CUDA_Fractal: A Cuda repository from etotheipi

--------------------------------------------------------------------------------
--------------------------------------------------------------------------------
Author:     Alan Reiner  (USA)
Orig Date:  05 Jan, 2011

Last Update:  03 Feb, 2011

Description:  Interactive fractal viewer.  Uses CUDA for super-fast fractal 
              generation, and OpenGL for displaying and interacting

                                  Windows   Linux     Mac
                     CUDA Compute
                          1.0        ?        No       No
                          1.1        ?        No       No
                          1.2       Yes       No       No
                          1.3       Yes       No       No   (All GTX 2XX)
                          2.0       Yes      Yes       No   (All GTX 4XX)
                          2.1       Yes      Yes       No   (GTX 460)

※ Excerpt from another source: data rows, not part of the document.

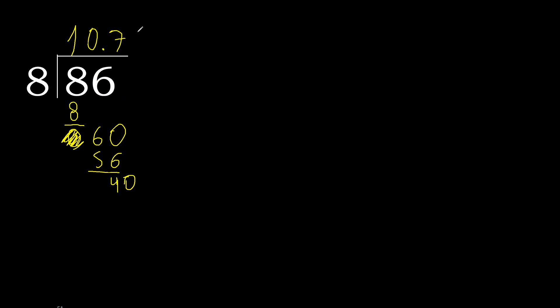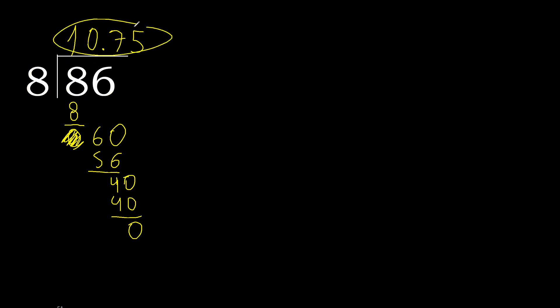40. 8 multiplied by 5, 40. 40 minus 40, 0. 0, therefore finish it. 86 divided by 8 is here.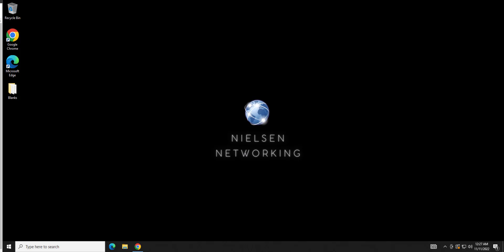Hey everyone and welcome to another Nielsen networking video. What I wanted to go over today was how to remediate the vulnerability known as Sweet32. Sweet32 is an SSL vulnerability that targets medium strength cipher suites.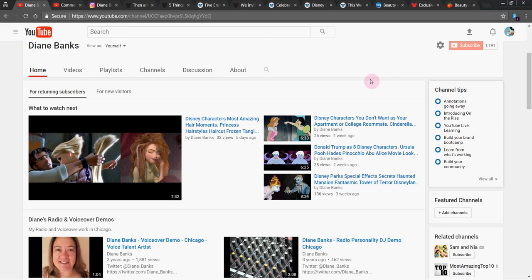Hey there, it's Diane Banks, voice actress and radio personality in Chicago. Please subscribe.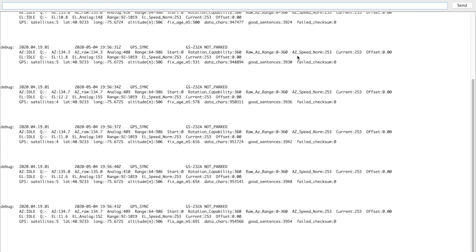This is azimuth speed control. I'm not using it in this particular unit, but right now the current azimuth speed is almost maximum at 253 - maximum value is 255. And if you're doing azimuth correction, like a manual correction, you'll see that here - it's called an offset.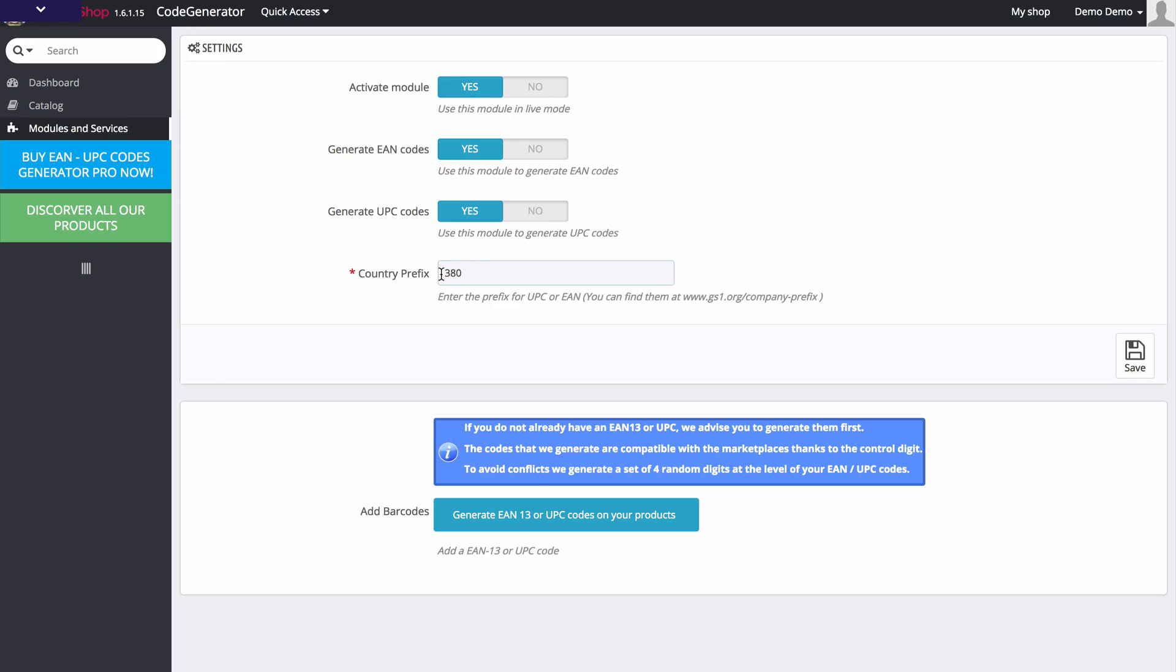We also need to enter the country prefix. If you're not sure what that is, you can visit this website here to find your prefix.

             I don't have a MAC on which to try this.  


--------------------------------------------------------------------------------
--------------------------------------------------------------------------------

--------------------------------------------------------------------------------
*** One code base for Windows and Linux
--------------------------------------------------------------------------------
Update  04 Feb, 2011

Checked out the Win64 branch, updated the makefile, and compiled.  It works!
So I merged it into the master branch and all new development will continue
from here.


--------------------------------------------------------------------------------
*** Windows Support!
--------------------------------------------------------------------------------
Update  03 Feb, 2011

After a tremendous amount of pain and frustration, it appears that NVIDIA does 
not want any Windows users to get into CUDA.  They don't make their SDK compile 
in MSVS 2008 or 2010, and normal constructs I can use in Linux fail miserably
in Windows.  I had to do complete code re-organization to get this to work...

With the exception of the mouse scroll wheel, the exact same code CUDA/OpenGL
code that worked in Linux, also works in Windows.  That's nice... 

At the moment there are two branches... I need to check out the win64 branch
in Linux and see if I can get it working via preprocessor branches.  Then I'll
be able to merge the win64 branch into the master and everyone should be happy!

Then to start implementing new stuff!  Dynamic colormaps, new IFS functions,
randomization...



--------------------------------------------------------------------------------
*** MAJOR UPDATE -- Integrated OpenGL with CUDA for interactive fractal viewing!
--------------------------------------------------------------------------------
Update 30 Jan, 2011

The original fractal code in CUDA was combined with CUDA-OpenGL-interop code to
allow for real-time passing of CUDA output to OpenGL for display and interaction
(via video memory -- no need to pass image through host RAM).  I don't know how
NVIDIA could've made this task any more complicated... But the torture is over, 
and it works (LINUX ONLY -- no windows support yet).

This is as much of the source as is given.